(Exercise prompt)
Would you transcribe the records below from the line with "property at 1807 Jackson Ave" to the line with "Bundle of 3 Levi’s 501 Denim Shorts — 27", ends included, exactly and with nothing more, leaving the pictures out?

(The data)
···

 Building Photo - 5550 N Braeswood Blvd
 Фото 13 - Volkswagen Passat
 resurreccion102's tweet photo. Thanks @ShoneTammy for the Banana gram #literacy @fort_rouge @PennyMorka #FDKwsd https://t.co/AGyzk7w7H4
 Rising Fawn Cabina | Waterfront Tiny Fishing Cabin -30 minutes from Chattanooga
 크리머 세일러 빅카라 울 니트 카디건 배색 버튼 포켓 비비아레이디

···

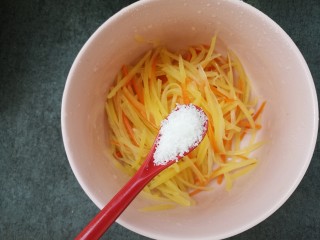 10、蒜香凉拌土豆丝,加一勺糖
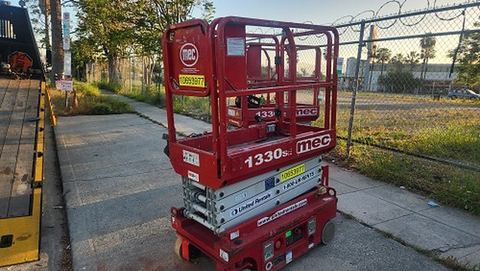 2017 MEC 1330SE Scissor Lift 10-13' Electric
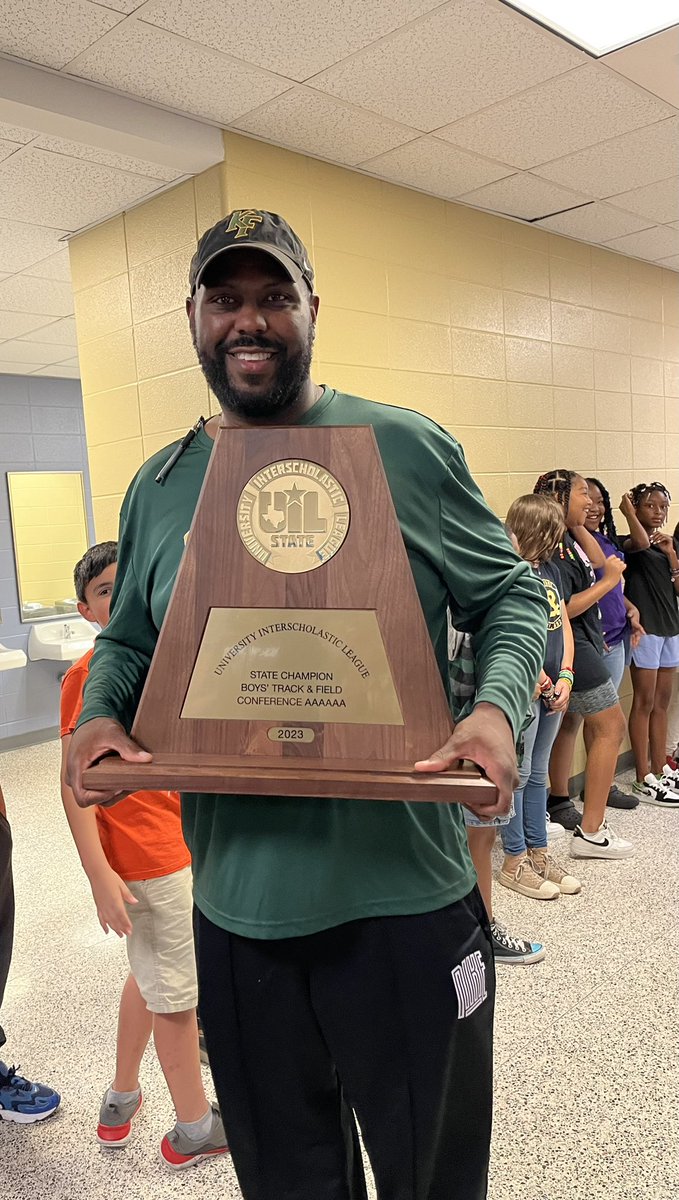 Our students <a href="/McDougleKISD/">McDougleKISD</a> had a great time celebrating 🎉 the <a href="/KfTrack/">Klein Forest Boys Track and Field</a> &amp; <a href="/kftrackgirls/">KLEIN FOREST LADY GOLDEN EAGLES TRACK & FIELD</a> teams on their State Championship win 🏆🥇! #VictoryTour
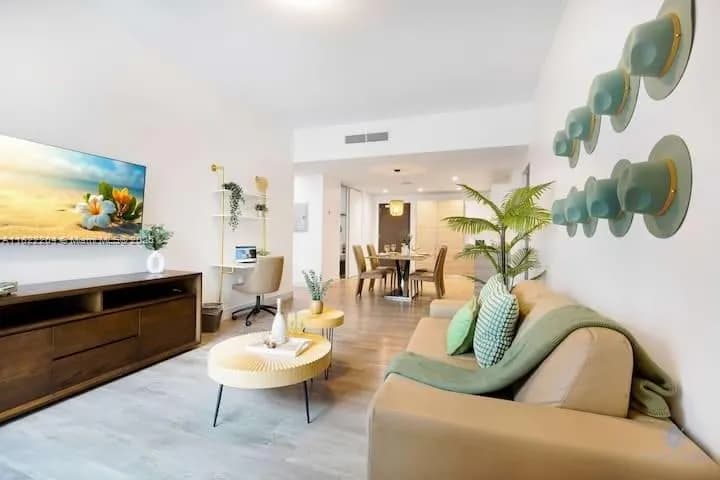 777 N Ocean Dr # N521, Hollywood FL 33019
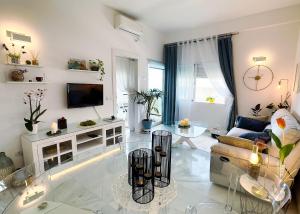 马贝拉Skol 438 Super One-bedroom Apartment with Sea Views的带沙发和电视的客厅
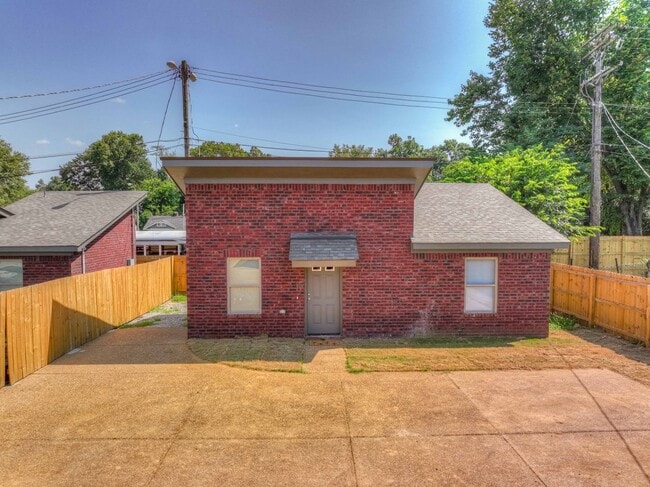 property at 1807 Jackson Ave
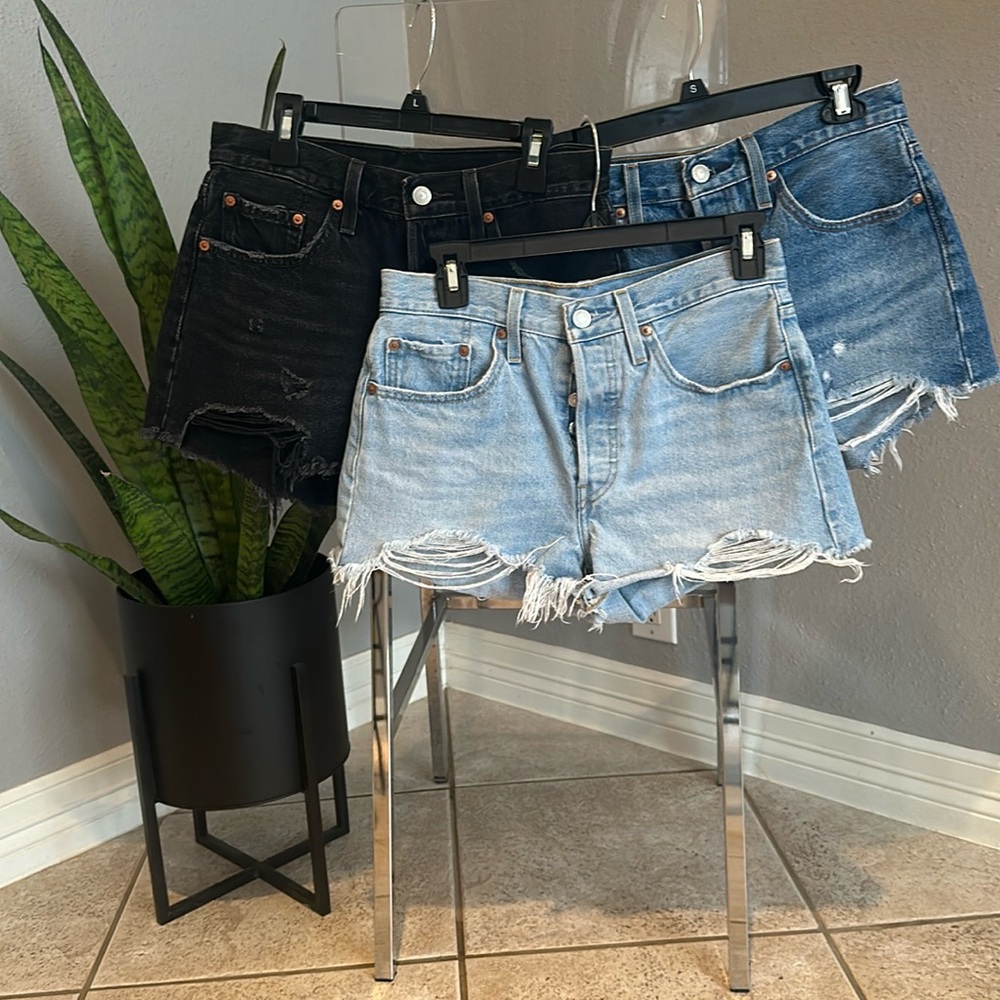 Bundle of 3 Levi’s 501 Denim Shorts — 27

···

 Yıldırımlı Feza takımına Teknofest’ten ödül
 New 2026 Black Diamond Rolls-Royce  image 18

···

(Output below)
 property at 1807 Jackson Ave
 Bundle of 3 Levi’s 501 Denim Shorts — 27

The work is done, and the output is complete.